Сидеть за столом и писать о том, что думаешь, и думать о том, что пишешь, можно несколько часов, можно даже целый день, но со временем (это неважно, что оно задержано) нужно поесть, попить и поспать.

И вот писатель Поточек оторвался от своего письменного стола, вышел на улицу и узнал, что арестовали Мончку. Согласно повести, писатель Поточек был секретарем парторганизации Союза писателей, но было ли так на самом деле? А может, Поточек только выдумал это, сидя за столом? А может, и арест Мончки он тоже выдумал. Впрочем, все это не имеет значения. Важно, что он создал своего героического Юзека, а создавая его, облегчил себе задачу: наделил его всеми чертами Хенека, ныне майора Мазуркевича, которого большой Юзеф боится еще пуще, чем маленький Юзек боялся Хенека.

Итак, совершено преступление. Не имеет значения, совершено ли оно во сне или наяву, в воображении или на бумаге. Достаточно того, что Мончка арестован, что писателя тоже могут арестовать, что звание писателя, даже партийного, даже соцреалистического, никому не гарантирует безопасности. И Поточек со всех ног бежит к себе домой, чтоб починить часы, чтоб стереть с бумаги (или из памяти) всю эту историю (так и не написанную!) с Хе-неком. А когда он обо всем этом думает, когда всего боится, что-то в нем пробуждается — что-то, чего он, быть может, даже не осознает, что приводит его в ужас, — и это «что-то» воскрешает в его памяти родителей и их судьбу в гетто, оно начинает существовать теперь рядом с ним и в нем самом, постепенно окружает его со всех сторон. Это «что-то» есть ужас перед возможностью повторения того, что произошло в гетто. Этот ужас не покинет Поточека уже до самого конца, заставит его бояться всего еще сильнее, а главное — вынудит забросить сочинение повести. «Время, задержанное до выяснения» — это повесть, которая никогда не была написана, она была лишь придумана!!! Дело в том, что Поточек неспособен побороть страх и не в состоянии решиться писать даже такую повесть. Действительно, коммунизм превращает человека в ничтожество, в дерьмо, — и этот процесс в Поточеке полностью завершен. Даже покидая (мысленно) Польшу, он по-прежнему не может (даже в мыслях) обойтись без товарища Секретаря.

Я писал Вам, что повесть — монолог, и, следовательно, существует в воображении Поточека.

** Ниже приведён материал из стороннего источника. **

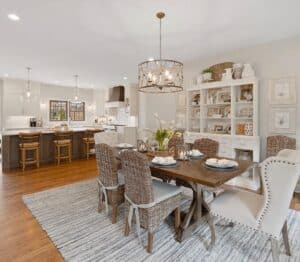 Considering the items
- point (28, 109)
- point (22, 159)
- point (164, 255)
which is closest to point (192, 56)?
point (164, 255)

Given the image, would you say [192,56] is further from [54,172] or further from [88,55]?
[54,172]

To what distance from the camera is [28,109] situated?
7.54m

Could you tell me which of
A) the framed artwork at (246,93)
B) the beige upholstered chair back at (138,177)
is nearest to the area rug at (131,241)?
the beige upholstered chair back at (138,177)

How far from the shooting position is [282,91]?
3.64m

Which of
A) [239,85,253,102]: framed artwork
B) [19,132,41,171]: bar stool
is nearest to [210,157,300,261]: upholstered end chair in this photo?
[239,85,253,102]: framed artwork

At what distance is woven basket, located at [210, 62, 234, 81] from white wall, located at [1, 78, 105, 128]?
21.6 feet

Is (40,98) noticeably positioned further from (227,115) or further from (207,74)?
(227,115)

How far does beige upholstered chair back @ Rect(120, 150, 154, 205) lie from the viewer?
187 centimetres

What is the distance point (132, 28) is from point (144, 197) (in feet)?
8.44

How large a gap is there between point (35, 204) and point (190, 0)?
3530 millimetres

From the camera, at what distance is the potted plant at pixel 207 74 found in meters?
4.45

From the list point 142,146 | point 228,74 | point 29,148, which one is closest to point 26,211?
point 142,146

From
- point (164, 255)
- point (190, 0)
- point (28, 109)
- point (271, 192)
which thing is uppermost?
point (190, 0)

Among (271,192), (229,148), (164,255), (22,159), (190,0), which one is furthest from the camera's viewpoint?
(22,159) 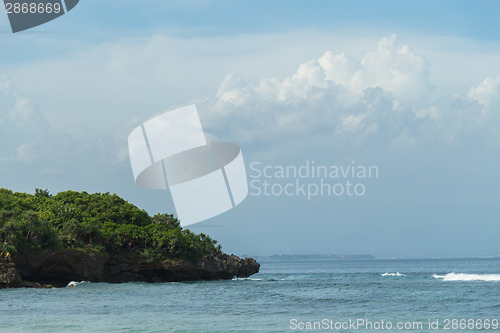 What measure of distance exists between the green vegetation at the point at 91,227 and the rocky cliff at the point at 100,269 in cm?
75

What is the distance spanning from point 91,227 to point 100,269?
3531mm

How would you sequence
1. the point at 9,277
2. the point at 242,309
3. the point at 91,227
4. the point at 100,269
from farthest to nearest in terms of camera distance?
1. the point at 91,227
2. the point at 100,269
3. the point at 9,277
4. the point at 242,309

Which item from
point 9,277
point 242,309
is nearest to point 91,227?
point 9,277

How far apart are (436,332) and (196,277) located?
3487 centimetres

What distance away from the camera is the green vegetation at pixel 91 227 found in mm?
48562

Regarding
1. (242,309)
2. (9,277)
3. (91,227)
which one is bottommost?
(242,309)

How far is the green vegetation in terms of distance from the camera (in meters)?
48.6

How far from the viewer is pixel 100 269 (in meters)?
52.0

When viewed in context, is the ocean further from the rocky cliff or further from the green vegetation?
the green vegetation

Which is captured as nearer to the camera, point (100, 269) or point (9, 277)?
point (9, 277)

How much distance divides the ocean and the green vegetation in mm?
5278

Все, что там есть, все лица и события — вымышлены, но с тем же успехом их можно считать и подлинными. Кто что предпочитает. Выбор я предоставляю читателям. Ведь роль писателя в том и заключается, чтобы сделать из читателя своего соавтора, чтобы побудить его к творчеству, а не только к усвоению знаний или наук (все равно каких). Этим-то литература и отличается (во всяком случае, должна отличаться) от точных наук, к которым я отношу (другие этого не делают) также и историю. По образованию я историк. Странствуя по историческим архивам, пробираясь сквозь документы, переворачивая по пути монументальные глыбы, о которые я набил себе не одну шишку, я вылечился от коммунизма. Не в Эсэсэсэре — там процесс выздоровления только начался, — но именно в истории и благодаря ей я нашел противоядие от этой мерзости. От истории я ушел (еще не совсем) в писательство. Работая над «Поточеком», стараясь создать многоплановую повесть, я не забыл о плане историческом (скажем, актуально-историческом), а следовательно, о плане трагическом, который Вы различили, подвергли критике, дополнили и этим очень меня порадовали. При этом, однако, Вы не заметили иных планов, а вернее, не захотели обратить на них внимание, сочтя их либо несущественными, и потому в книге излишними, либо ошибочными. За право на эти именно планы, на гротескность поточеков, на издевку над их писательством и т. д. я и вступил с Вами в единоборство. И ни за что более.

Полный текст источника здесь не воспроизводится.